C'est une collaboration née « au culot » résume Caroline Ziegler du studio BrichetZiegler. « Avec Pierre Brichet, mon associé, nous aimons et collectionnons les chaises, comme beaucoup de designers. Alors nous en dessinons, tous azimuts, et puis on affine. Il y a un moment où les planètes s'alignent avec cette méthode. » Tout est parti d'un croquis fait à l'atelier, et puis un autre et encore un autre, tous basés sur l'image d'une chaise de bistrot. D'abord imaginée en métal, le matériau le plus utilisé par le studio, l'assise a rapidement évoluée vers le rotin « pour plus de simplicité » explique la créatrice, convaincue que « la forme est toujours associée à un matériau qui permet de la réaliser. Jamais l'inverse. » Une réflexion qui amène le duo à proposer leurs esquisses à la Maison L. Drucker, spécialiste du mobilier en rotin, il y a un an. « Nous n'avions aucun lien avec eux à ce moment-là, mais ils se sont montrés à l'écoute et très intéressés par notre modèle qui sortait de leurs codes habituels. C'est ainsi qu'a débuté notre travail commun. »

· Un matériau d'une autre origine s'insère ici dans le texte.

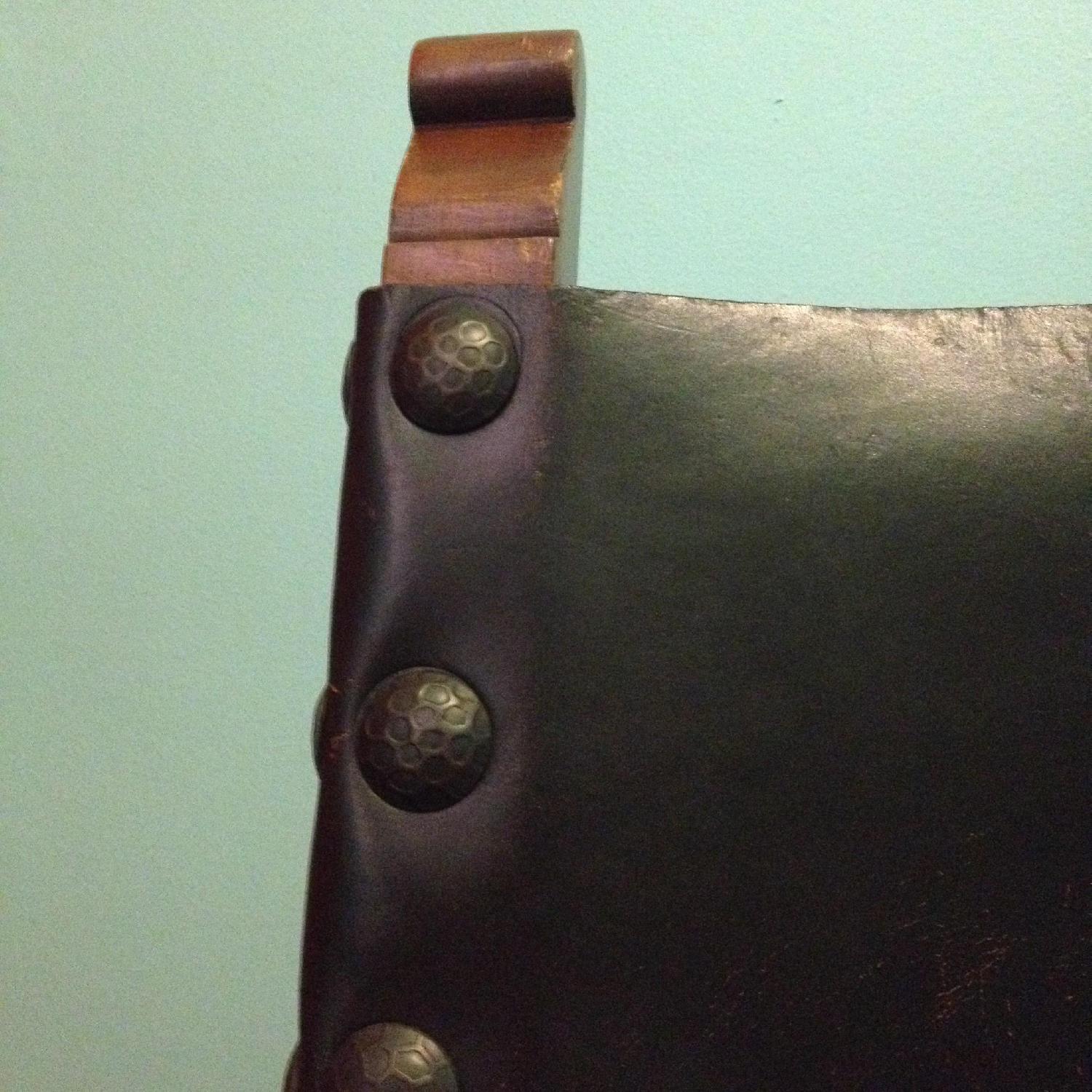 Wood & Black Leather Antique Chair AptDeco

©Maison L. Drucker & BrichetZiegler

Une rencontre entre le design contemporain et l'artisanat patrimonial

« Ce qui est intéressant dans ce projet, c'est ce pas de côté par rapport à la chaise de bistrot classique. On a gardé tous les codes qui lui donnent son identité, tout en l'amenant vers quelque chose d'autre. Si demain on la montre à un brésilien, il se dira certainement que c'est à Paris. Il y a quelque chose de la filiation. » Jusqu'alors inutilisé par les designers – hormis un balai présenté à la Biennale Émergences de 2020 -, le rotin s'est avéré être une source d'opportunité autant que de complexité pour le duo dont le croquis initial a vite dû évoluer, sur le plan structurel d'abord, mais également esthétique. « Nous avons été obligés de rajouter plusieurs renforts sur les intersections ce qui nous a amenés à repenser légèrement l'apparence. D'une certaine manière, ce décalage entre notre vision et celle de l'entreprise raconte cette discrétion structurelle propre aux chaises en rotin, et à côté de laquelle nous étions passés. C'est très intéressant ! » Par ailleurs, c'est aussi visuellement que l'idée initiale s'est enrichie. « Dans notre premier dessin, il y avait moins de textile car nous ne pensions pas qu'il était possible de tisser autour de l'armature. Nous avons été encouragés à le faire et c'est ainsi qu'est né ce dossier si prégnant. » Une pièce à l'allure bien particulière qui a donné lieu à de nombreux prototypes pour trouver le confort optimal, et à de nombreux essais colorimétriques.

©Maison L. Drucker & BrichetZiegler

Tresser la couleur

Rouge, verte, jaune ou bleue, la Valmy tire son identité graphique de sa couleur plus que de sa structure qu'elle « vient habiller ». Pourtant, ce « véritable parti-pris » n'a fait son apparition que dans un second temps, « lorsque Monsieur Dubois, le directeur de la Maison L. Drucker nous a annoncé l'ensemble des possibilités de mise en œuvre du tissage. C'est lui qui nous a recommandé d'y aller franchement sur le design. Assez logiquement, nous nous sommes pris au jeu et nous avons décidé d'accompagner le dessin par la couleur. » Les trois arceaux se sont alors épaissis pour accueillir chacun une nuance différente de façon à créer un dégradé. Trois teintes que l'on retrouve également dans le tressage ajouré de l'assise en plus d'une couleur complémentaire, visible au niveau des jonctions du dossier, et de deux fils, noir et blanc. « La couleur est un exercice que nous aimons travailler, mais qui demeure occasionnel. Elle n'a d'intérêt que si elle amène quelque chose en plus, en venant renforcer un élément graphique par exemple. C'est le cas pour Valmy. » Heureux de cette collection, le studio « amateur d'une certaine abondance formelle et d'une richesse visuelle », se pose d'ores et déjà la question de poursuivre les explorations créatives de ce matériau, source de projets en tous sens.